What about inclusion in
“All Topic”
databases? As of now, the
“JewishGen Holocaust Database”
is the only applicable “All Topic” database...
but a "Sephardic Database" is potentially in the works.
Can this also somehow be specified within the "Regions" field...
or should we use separate boolean indicators in the Dataset Table?
Search Results Display
The search results data display will contain the following columns:
Name (Surname, Given Name(s), Patronymic) | "WHO" |
Location (Town, District, Country) | "WHERE" |
Date | "WHEN" |
Other (Comments) | "HOW" |
Source (ID# → Dataset Title) | "WHAT" |
-
The "Source" column's data will display the dataset's
"Dataset Title", and be a hyperlink to the "Dataset
Description", the full description of the Dataset.
-
The "Location" column's data will be hyperlinked to that location's
"JewishGen Locality Page",
and have the Communities Database's Ajax mouse-over feature
,
if the "USBGN" field in the Data Table is filled in.
We would need a second-level display page —
similar to JOWBR's "Cemetery Information" page (for example,
Vienna's "Wiener Zentralfriedhof") —
to display full information about the Dataset.
Integration into “All Country” and
“All Topic” Databases
Component datasets of DIDO can then be incorporated into the
various “All Country” and “All Topic”
systems, as appropriate, as controlled by the "Region" field
of the Dataset Table.
(See Open Issue #3, above).
Display of entire datasets
The facility should also include a programmatic mechanism
to display an entire dataset, i.e. a search based
on the "Dataset ID#" — so that a KehilaLinks page
could link to a list, displayed much like one in its current
static form. This allows datasets to be "browsable"
by the user, just like the static datasets are today.

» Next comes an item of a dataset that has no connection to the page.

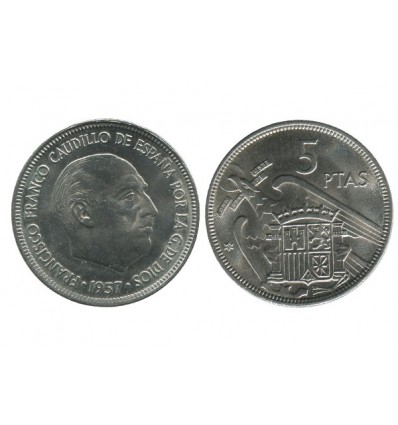 5 Pesetas Franco Espagne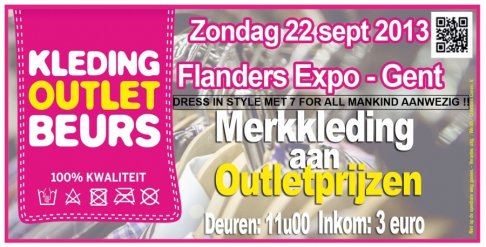 Dress in Style op de kleding en outletbeurs in Gent !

In order to deter data-mining, the "Dataset ID#" should
probably be a random set of alphanumeric characters, rather
than a sequential integer.
Perhaps this should be an optional feature, on a
case-by-case basis per dataset, as determined by the dataset's
contributor and/or JewishGen.
This feature would require an additional boolean field in
the Dataset Table.
Procedures
The method for submitting a dataset to DIDO should be relatively
straight-forward, and not as onerous as that for a full-blown
JewishGen database to encourage people to submit data.
This will require a DIDO Database Coordinator and a
DIDO Admin Panel.
-
A DIDO Database Coordinator will supervise the
entire operation, ongoing: for correspondence, quality control,
database maintenance, etc.
-
A DIDO Admin Panel interface should be developed, for
the DIDO Database Coordinator to manage the DIDO Dataset Table,
similar to the
JOWBR
Admin Panel.
The DIDO Database Coordinator should be able to add / remove / replace
datasets in the live search engine with little or no intervention by the
JewishGen staff.
The procedures for data preparation and submission for DIDO
could be modeled after the "Database Factory" concept that we
discussed and began prototyping in 2002-2003.

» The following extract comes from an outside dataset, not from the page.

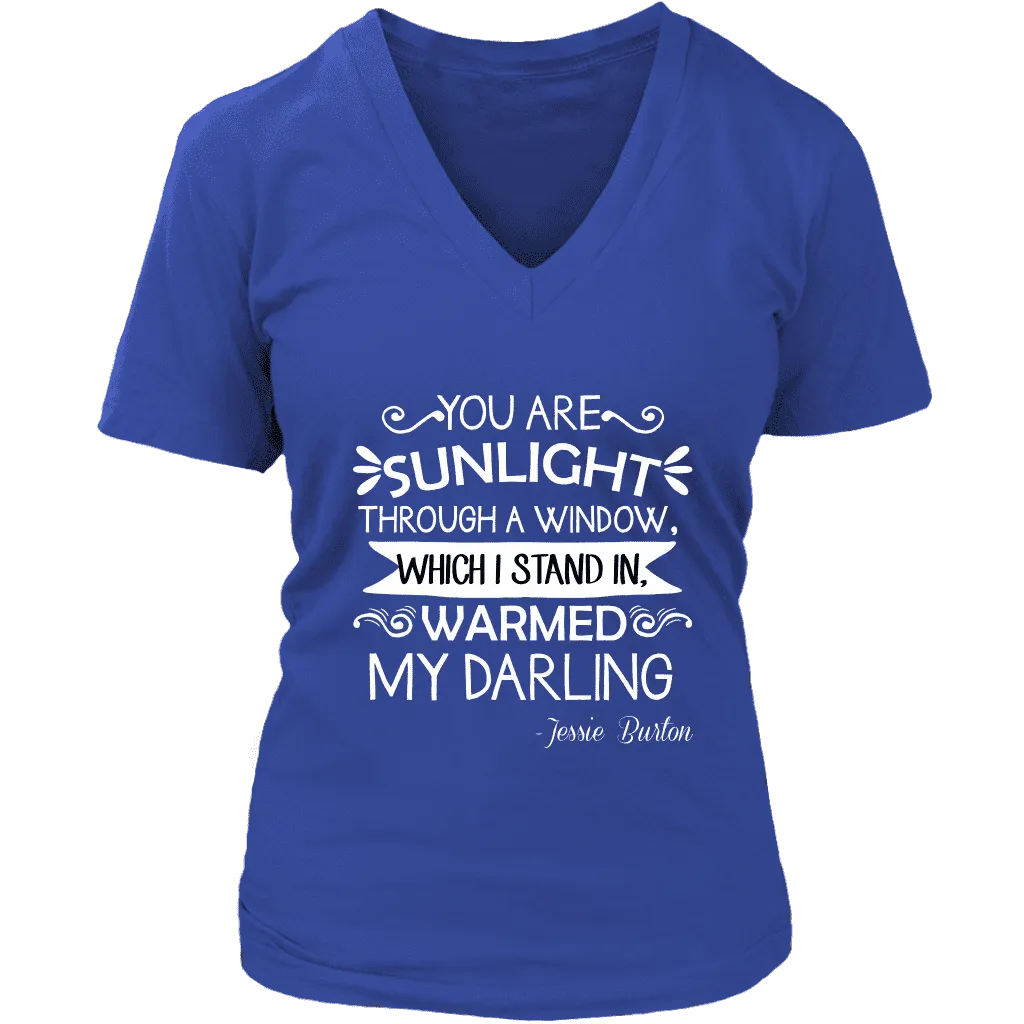 "You are sunlight" V-neck Tshirt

There should be a downloadable data template with instructions
for submitters, similar to the way we've done the
JOWBR Template
and the other templates currently available at
http://www.jewishgen.org/databases/templates.
The DIDO Database Coordinator would receive the completed
templates, do some minimal QA, and add them to the DIDO Admin Panel.
The Coordinator should be able to put the data into "test" mode, and to
make the data "live" — all without any intervention by the
JewishGen staff or highly-techincal volunteers.
|